### Required action
I would like the lines below, from the one with "Решетка переднего бампера" through the one with "Sunny siren online show from 04/21/26, 12:22", copied exactly and without any pictures.

### Task inputs
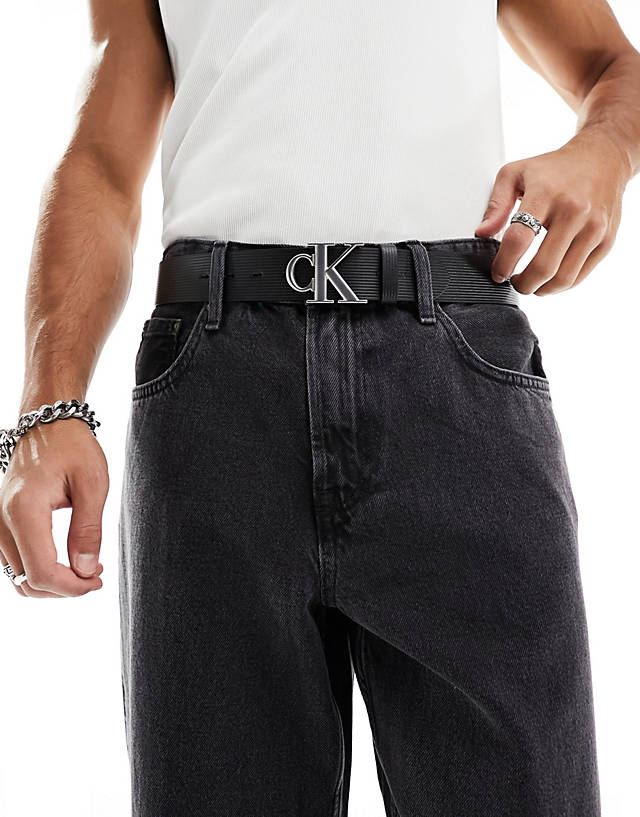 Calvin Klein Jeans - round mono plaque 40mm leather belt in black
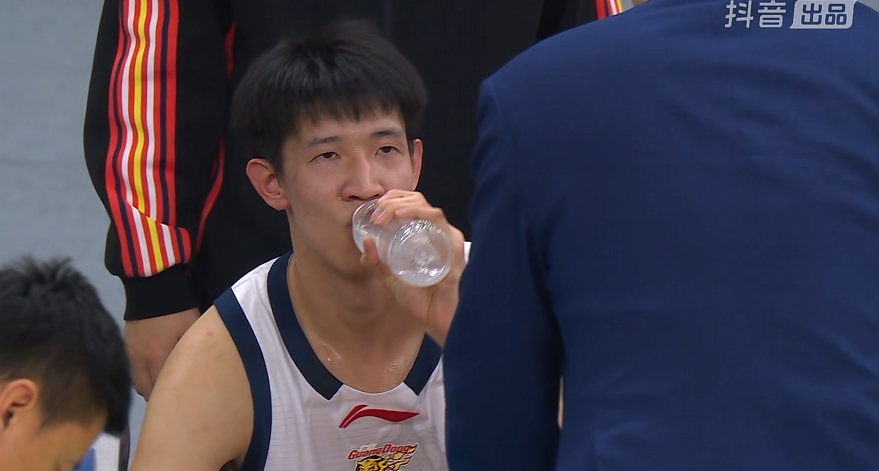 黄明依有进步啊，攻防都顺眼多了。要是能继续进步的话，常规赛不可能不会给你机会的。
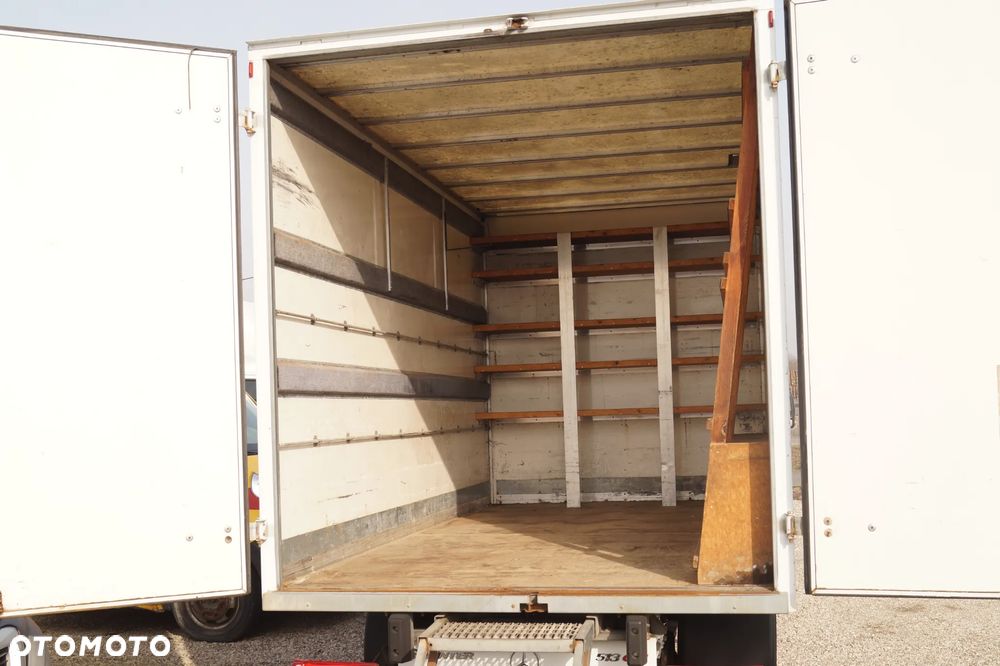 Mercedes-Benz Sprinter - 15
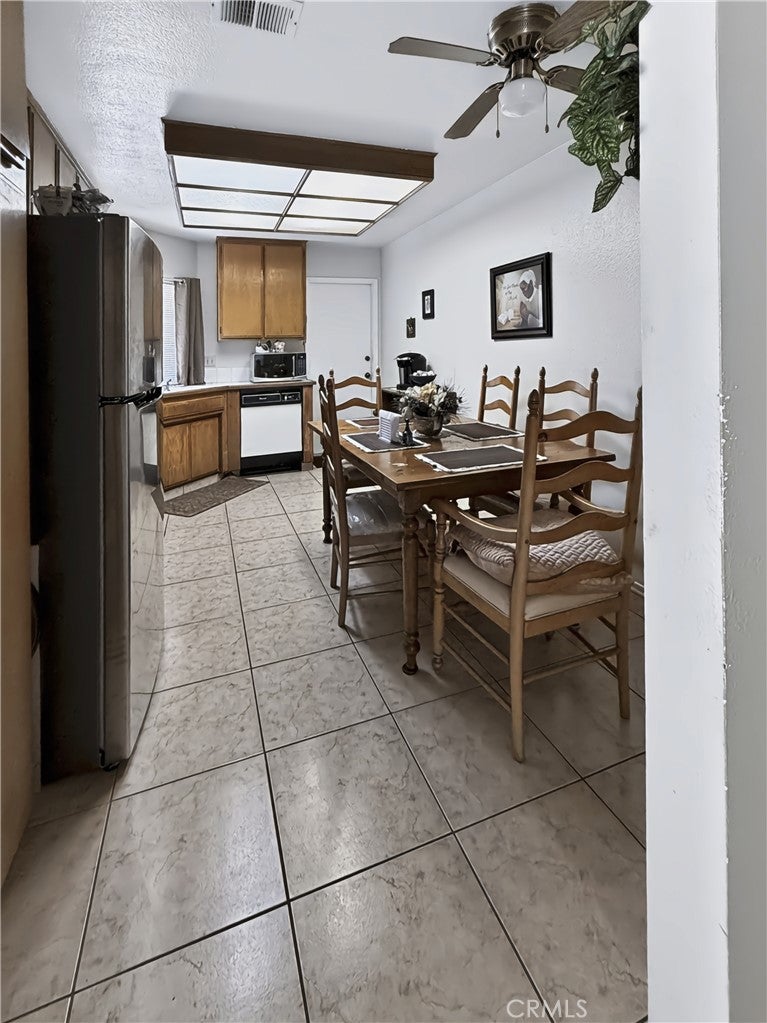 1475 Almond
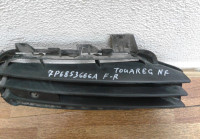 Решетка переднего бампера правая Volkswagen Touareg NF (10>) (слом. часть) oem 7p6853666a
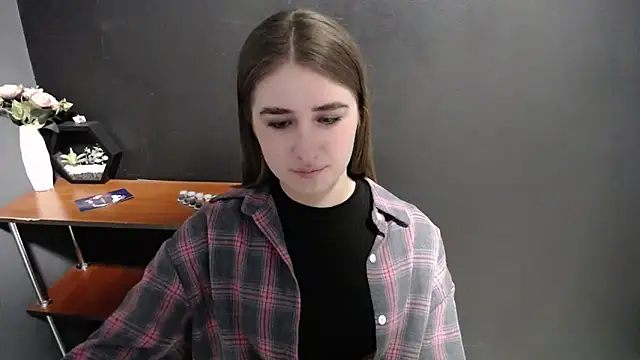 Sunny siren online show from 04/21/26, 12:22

==

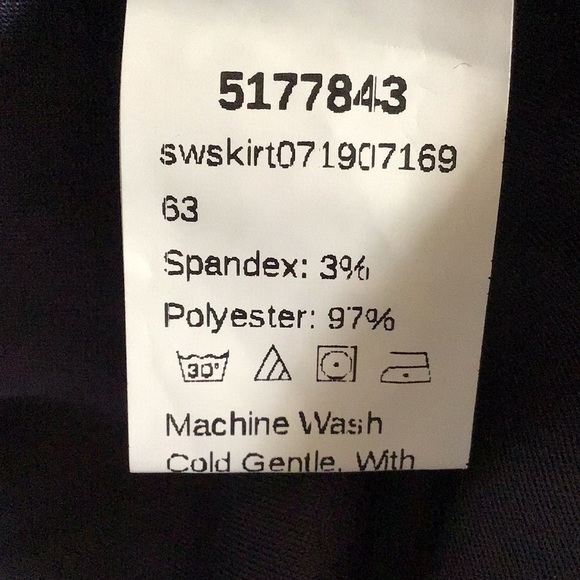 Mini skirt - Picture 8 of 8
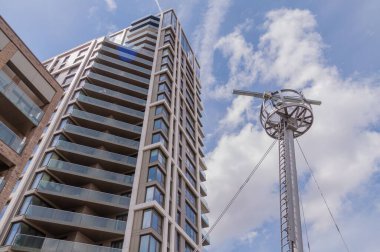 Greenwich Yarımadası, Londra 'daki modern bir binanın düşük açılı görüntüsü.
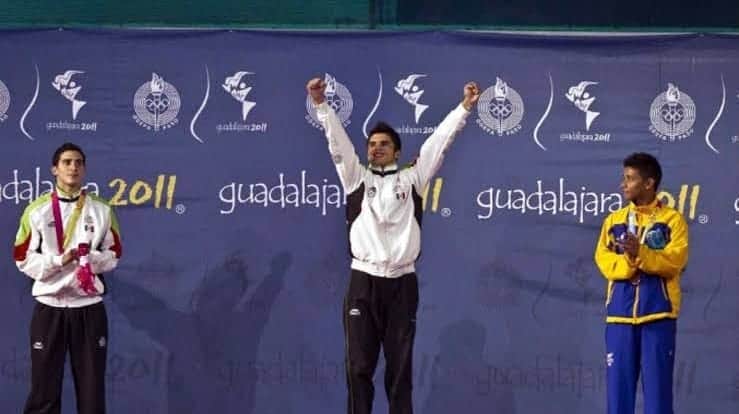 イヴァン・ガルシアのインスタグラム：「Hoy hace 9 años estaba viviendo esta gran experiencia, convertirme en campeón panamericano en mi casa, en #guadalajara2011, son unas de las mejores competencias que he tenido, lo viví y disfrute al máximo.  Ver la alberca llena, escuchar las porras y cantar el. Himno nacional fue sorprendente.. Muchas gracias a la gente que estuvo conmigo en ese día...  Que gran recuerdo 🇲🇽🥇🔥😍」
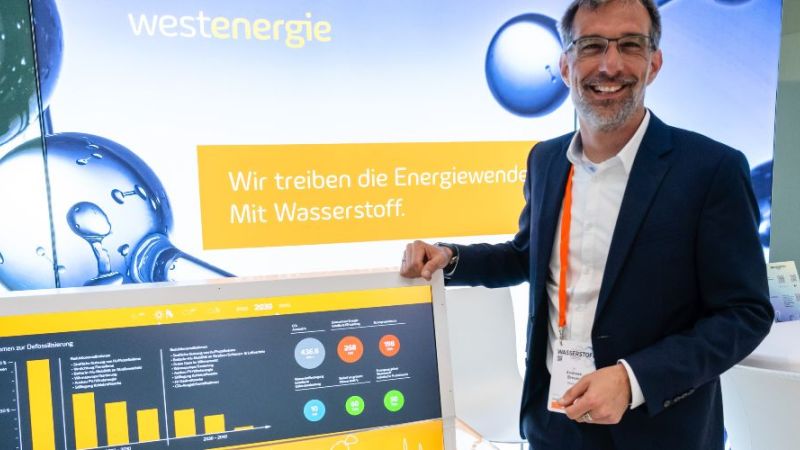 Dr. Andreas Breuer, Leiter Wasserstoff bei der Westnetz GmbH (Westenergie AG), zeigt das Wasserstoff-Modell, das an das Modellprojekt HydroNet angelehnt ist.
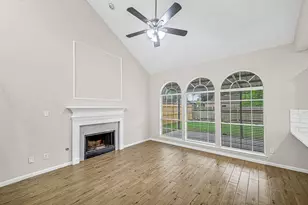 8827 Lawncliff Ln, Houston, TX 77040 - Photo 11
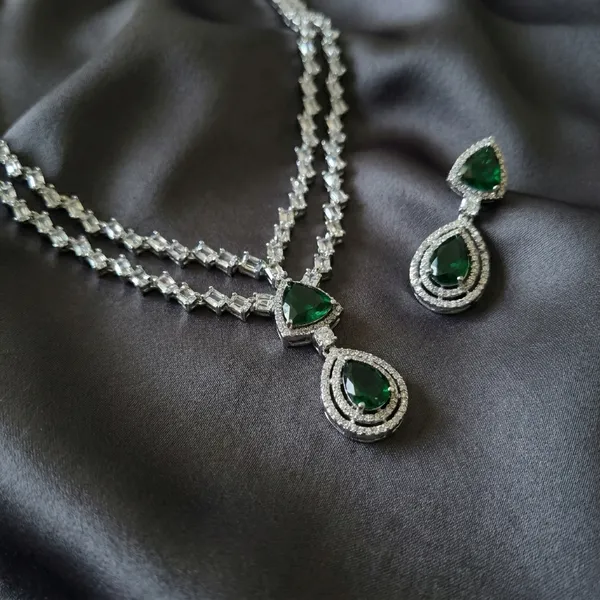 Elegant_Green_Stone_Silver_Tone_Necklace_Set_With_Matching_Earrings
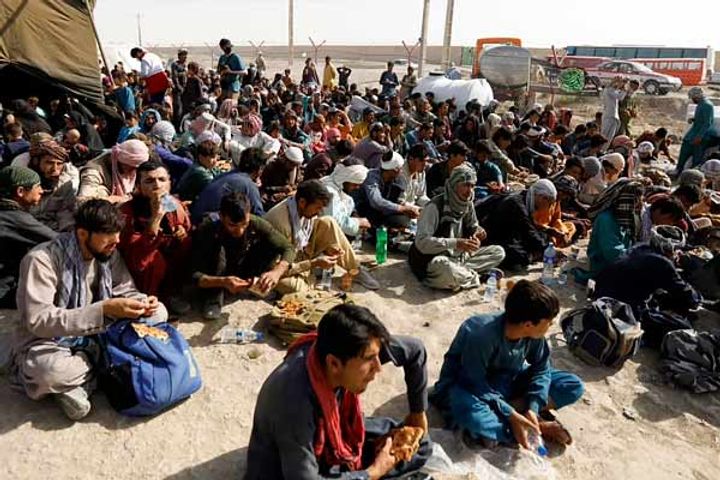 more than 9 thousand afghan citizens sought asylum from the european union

...

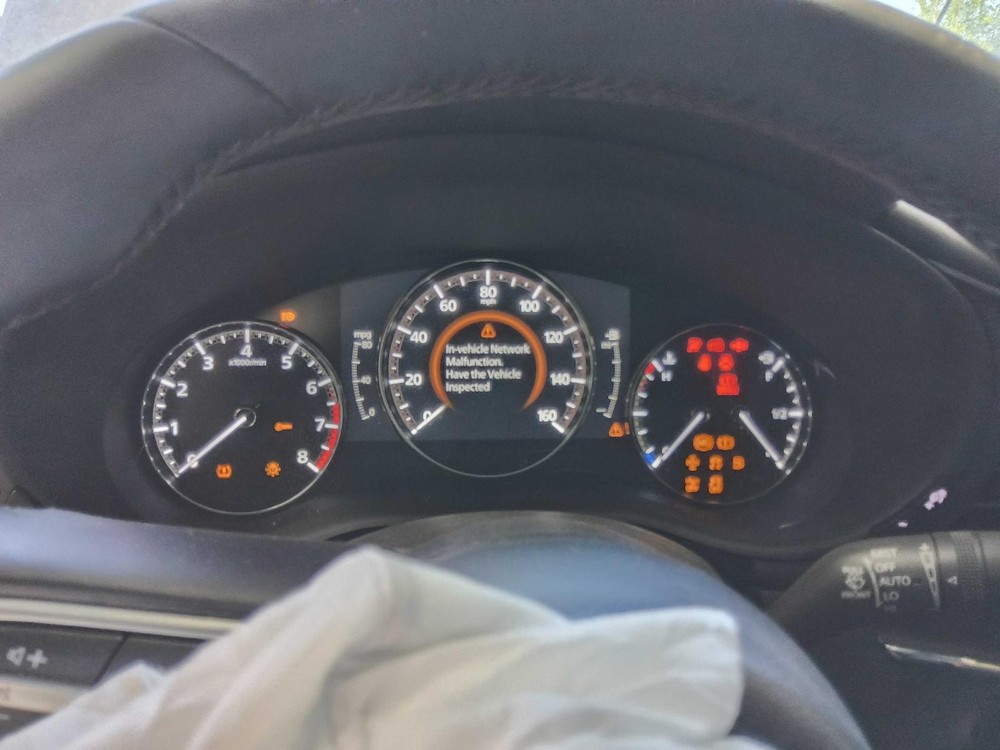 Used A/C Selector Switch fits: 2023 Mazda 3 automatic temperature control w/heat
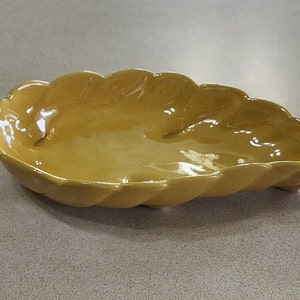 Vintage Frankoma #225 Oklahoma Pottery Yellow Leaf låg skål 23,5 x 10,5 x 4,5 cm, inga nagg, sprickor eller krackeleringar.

### Result for this task
 Решетка переднего бампера правая Volkswagen Touareg NF (10>) (слом. часть) oem 7p6853666a
 Sunny siren online show from 04/21/26, 12:22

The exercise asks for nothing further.